Service Configuration & HA Status: Check the high-availability (HA) status for all Coherence protocol-related cache services used by applications in the cluster. The StatusHA column indicates whether primary and backup objects are distributed for surviving machine failure or storage node failure. The most secure status is MACHINE-SAFE which indicates that an entire host could fail and all data could be recovered. NODE-SAFE indicates that a storage node could fail and data could be recovered, but data could be lost with a host failure. ENDANGERED indicates that the loss of a single storage node could result in data loss in the cluster. Note that Coherence does not track whether enough free memory is available for surviving machine or storage node failure without data loss.
Also, see the number of caches in each cache service, the number of storage nodes participating in each cache service, the number of objects in each cache service, the senior member for the cluster and the senior members for each service. Click a cache service to view details in the Single Service Summary display.
Most Gets: Check on your four busiest caches (in terms of the number of gets reported in the last measurement). Mouse-over the bar charts to see the most recent metric for each cache. Select the Cumulative box to display the total number of gets since the cluster started (or since statistics were last reset). Statistics from the most active cache are displayed in the upper right field.
Largest Cache: Check on your four largest caches (in terms of memory usage). The largest cache’s current size, in units, is displayed in the upper right field. Mouse-over the bar charts to see the most recent metric for each cache. Units are user defined in your cache configuration file. Typically units are set to either the number of objects or the number of bytes consumed by objects.
Node Uptimes: Assess cluster stability. View how long nodes in the cluster have been members of the cluster. The Monitor looks at the start time of every node in the cluster, determines how much time the node has been part of the cluster and categorizes the nodes into seconds, hours, days, weeks or months. Typically, if a node leaves the cluster as the result of a fault condition, the node subsequently rejoins, appears as a “younger” node, and is placed in the seconds, minutes or hours category. This metric can be an important indicator of cluster instability. If a node leaves the cluster and fails to rejoin, the node is subsequently shown in the Departed Nodes box.
Memory Utilization: Determine whether cluster memory usage has been increasing over the last hour and by how much. These bar charts are capacity indicators as well as garbage collection indicators. The memory usage is shown for the most recent data collection, and as an average for the last hour. The red bar chart is for the node in the cluster with the highest memory use, and the yellow bar shows memory use averaged across the whole cluster.

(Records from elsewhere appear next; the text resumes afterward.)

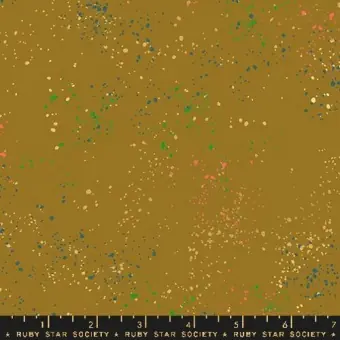 Speckled Suede – Ockerbrauner / Senfgelber Ruby Star Society Basicstoff – Rashida Coleman Hale Designerstoff mit Metallic Akzenten Sonderaktion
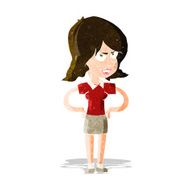 cartoon annoyed woman with hands on hips N7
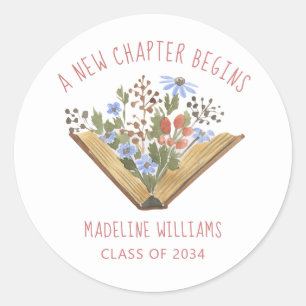 Book Graduation Photo Classic Round Sticker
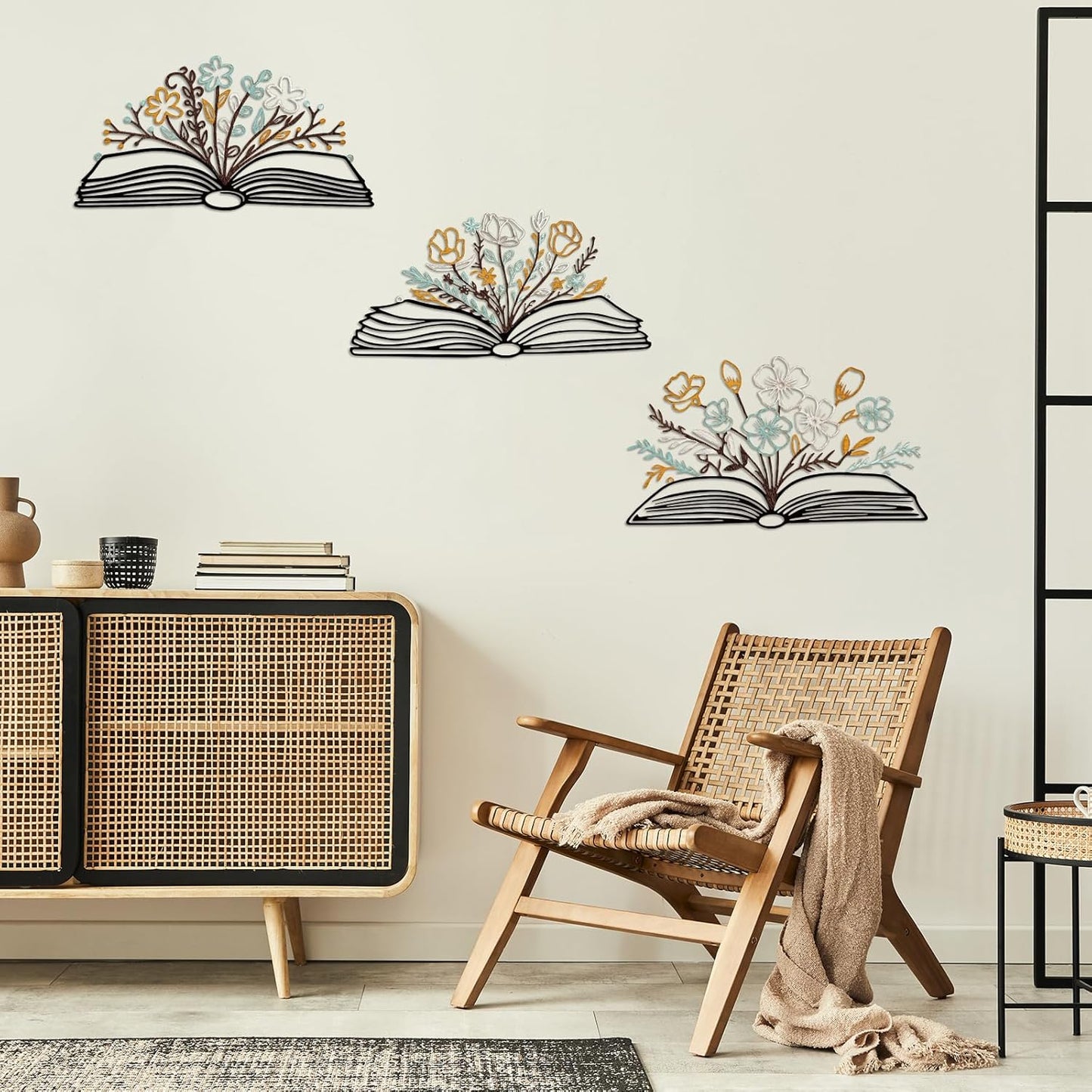 Honeydak 3 Pcs Reading Flower Book Wall Art Metal Library Wall Decor Sign Book Lovers Teacher Gift Silhouette Hanging Sculptures for Home Reading Room Office (Rustic Color,Elegant Style)
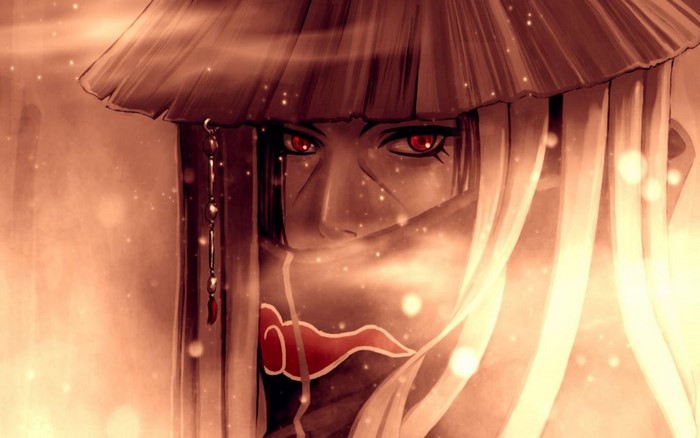 Itachi Uchiha from Naruto wearing Akatsuki cloak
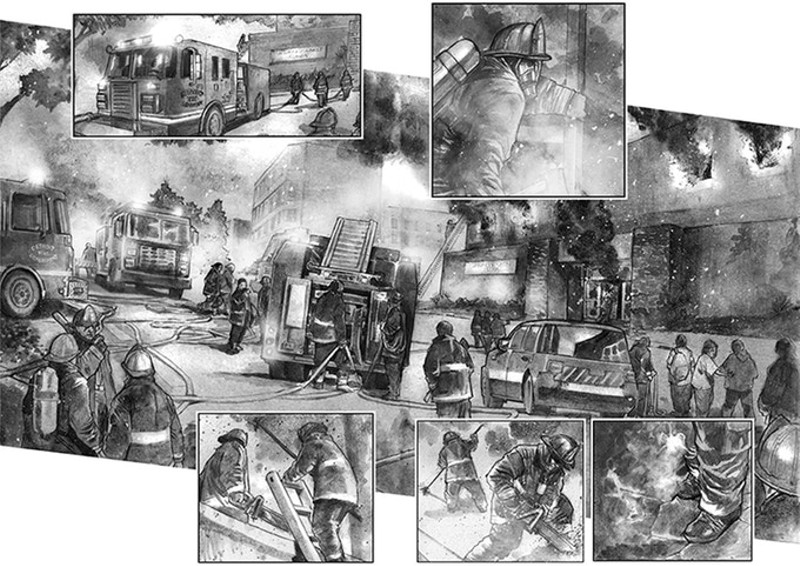 Two pages of "Inferno City Firehouse," written by Brian Lau and illustrated by Erwin Arroza. - "INFERNO CITY FIREHOUSE"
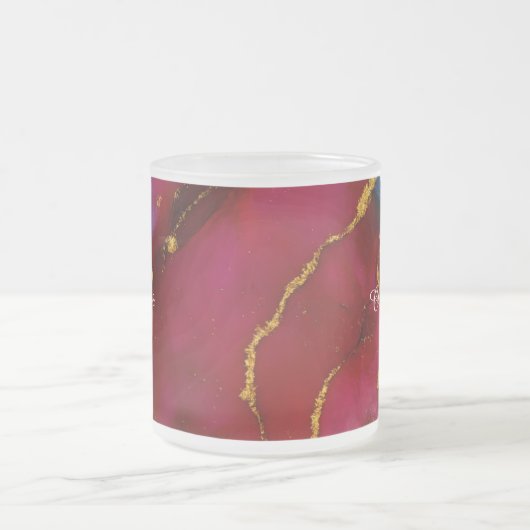 Personalized Luxury Marble Pattern Custom Name Mug Matglas Koffiemok (Center)
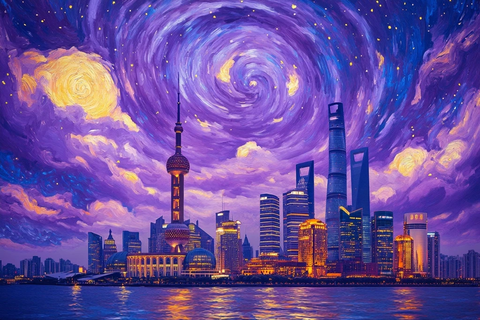 上海陆家嘴现代化建筑夜景全景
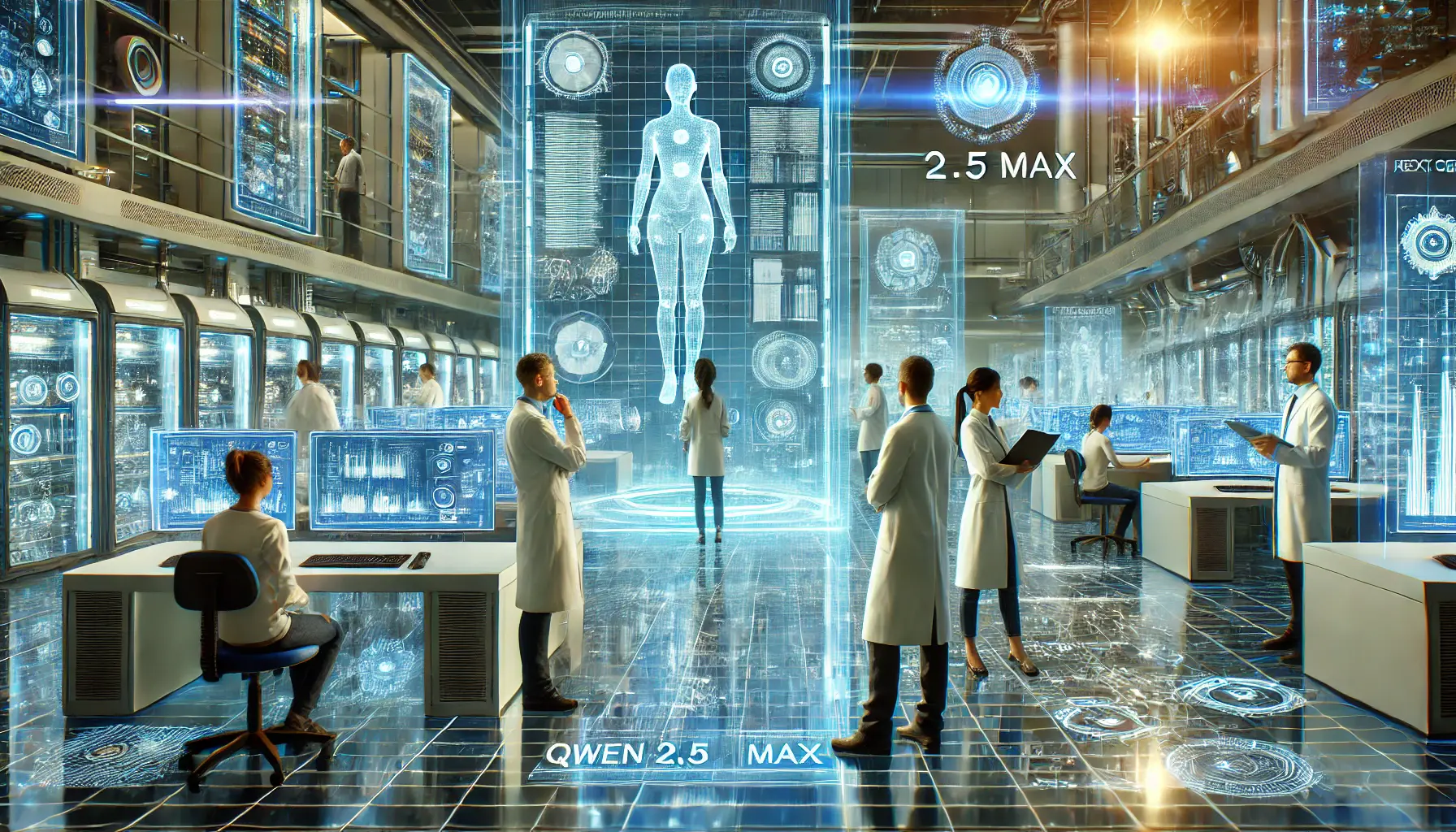 A futuristic research and development lab showcasing advancements in AI technologies like Qwen 2.5 Max, with scientists analyzing data on holographic screens.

Communication Success Rate: Determine whether packet loss is occurring. The bar graph uses pairs of bars in which one bar represents the publisher success rate and the other represents the receiver success rate. The bar charts are the most important indicator for any issue affecting cluster health or performance. The chart shows the TCMP publisher and receiver success rates for the last 20 minutes. The success rate is typically 99% or greater in healthy clusters. Publisher/Receiver failures (the inverse of success) indicate that packets sent between nodes are not being acknowledged within the timeout period (which is typically 250 ms). This is typically the result of a node being unavailable due to garbage collection. However, there are many other possible causes as well (such as a network issue, a defective NIC card, a garbage collection issue, disk swapping, or a shortage of CPU on a single machine). Investigate further by clicking the bar chart to view details in the Cluster - Memory/Network Health display.